Experts told TheWrap a rule change would lower media companies’ administrative costs around compliance and reporting and offer less short-term pressure from Wall Street.

But it could also encourage companies and executives across the entertainment industry to offer less transparency around their performance in areas like streaming, theatrical and advertising, which would drive investors towards third-party providers for accurate information.

Netflix notably already stopped reporting streaming subscribers and average revenue per user (ARPU) on a quarterly basis at the end of 2024 as part of a shift in focus to engagement, while Disney+, Hulu and ESPN+ are set to stop reporting the metrics in the coming months amid a similar shift in focus.

Warner Bros. Discovery also doesn’t break HBO Max and Discovery+ subscribers out individually, instead reporting an aggregate figure for its direct-to-consumer division, and Paramount+ and Peacock do not release updated ARPU figures every quarter, though the latter has previously disclosed it’s around $10.

Netflix co-CEOs Ted Sarandos and Greg Peters no longer talk about key metrics like subscriber numbers. (Getty Images)
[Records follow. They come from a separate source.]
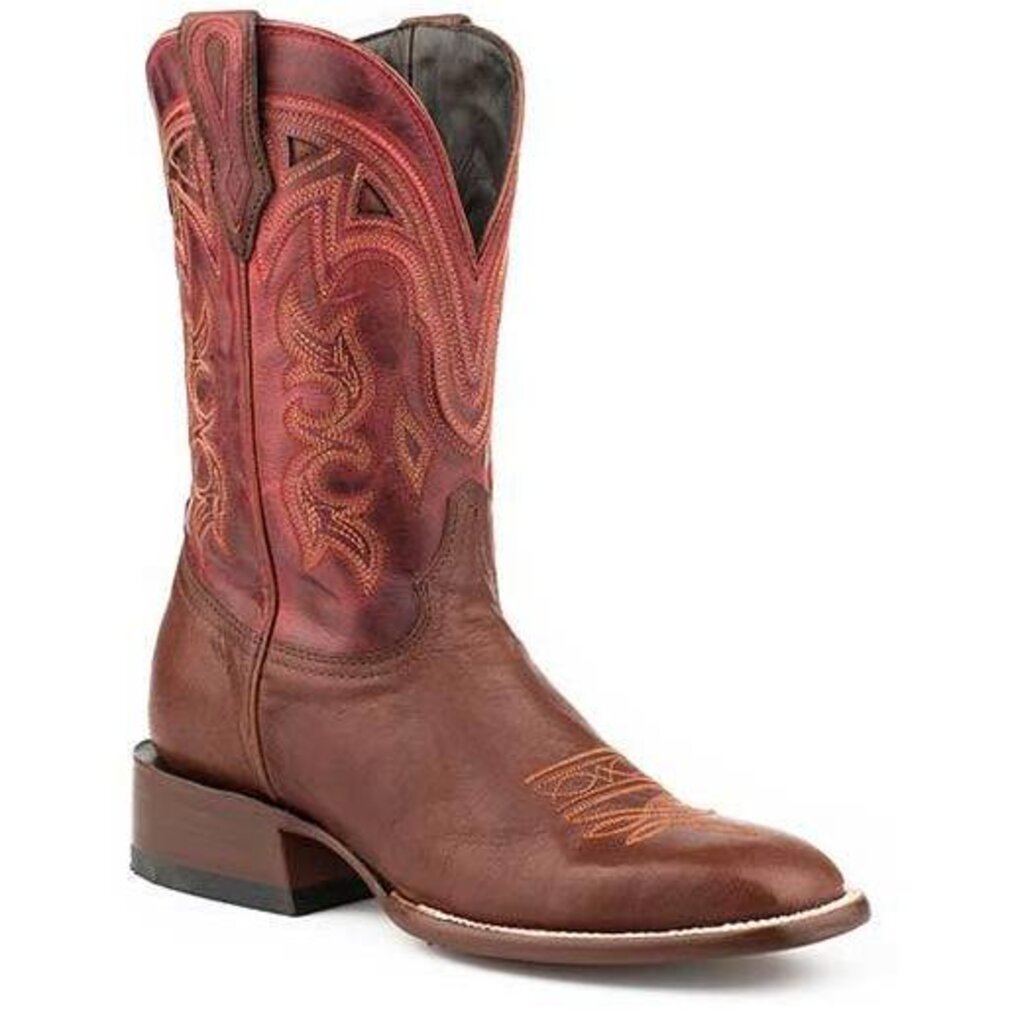Women's Stetson Joliet Leather Boots Handcrafted Brown - yeehawcowboy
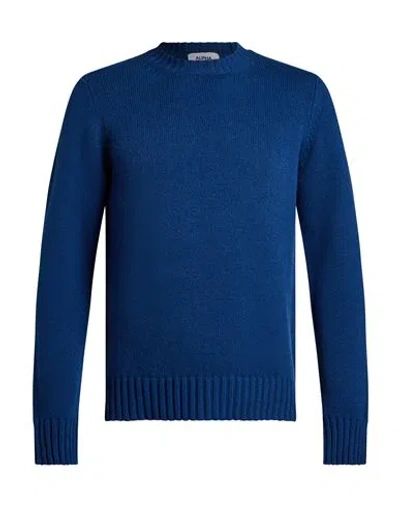 Alpha Studio Man Sweater Blue Size 42 Cashmere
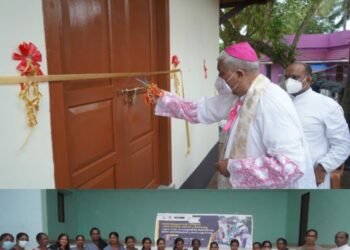 സ്ത്രീകൾക്കായുള്ള കേന്ദ്രം അഭിമാനത്തോടെ നിർമ്മിച്ച് സ്ത്രീനിർമാണ തൊഴിലാളികൾ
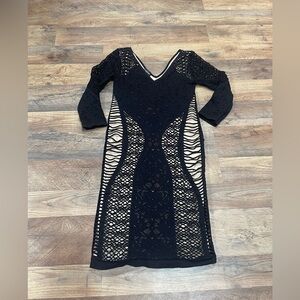 bebe / Elegant Black Lace Dress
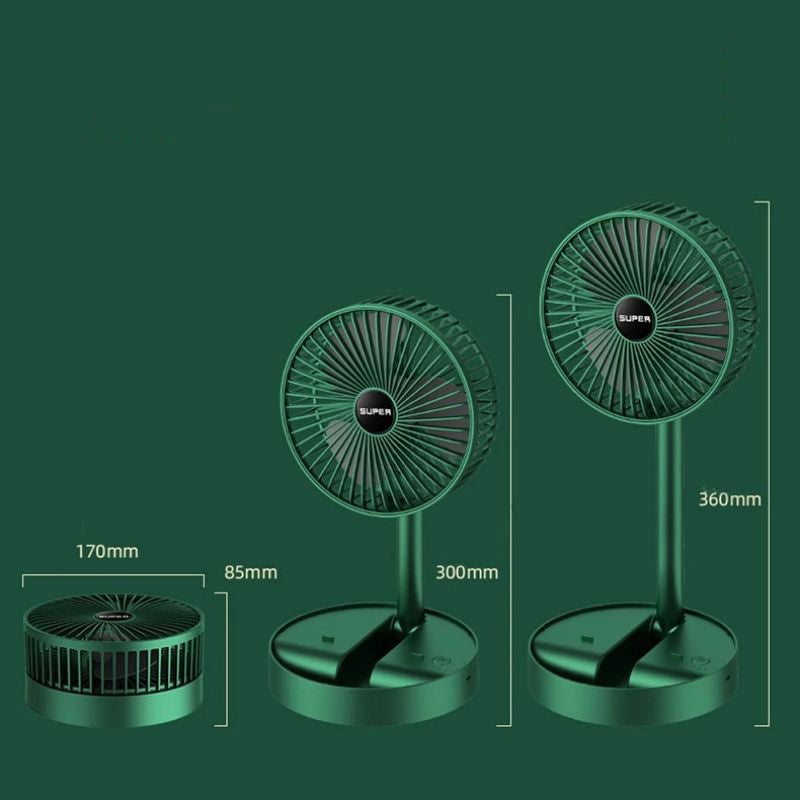 3 Gear Draagbare Oplaadbare Ventilator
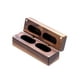 thumbnail image 1 of Caja De Madera Nogal Para Dos Anillos De Boda O Compromiso, 1 of 4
“While this change could provide relief to media companies, the reduction in transparency between media companies and investors could strain investor confidence in an industry that is already struggling to deliver consistent returns,” Novika Ishari, Romano Law partner and chair of the firm’s Entertainment Law Group, told TheWrap.

Stefano Bonini, an associate professor of corporate finance at Stevens Institute of Technology, emphasized that the entertainment industry is heavily impacted by seasonality and that if you delay the release of material information, the investor reaction could become more pronounced and individual stocks could face more volatility.

“If you skip that quarterly meeting where you inform investors on the performance of a particular show, movie or product and you wait until the end of the season to say, ‘Hey, we launched this thing and it didn’t really work. Nobody watched it and it really bombed,’ the reaction is going to be a lot more violent,” Bonini told TheWrap. “The moment the information comes and it’s negative, the extent of the damage that we do to shareholders becomes more significant.”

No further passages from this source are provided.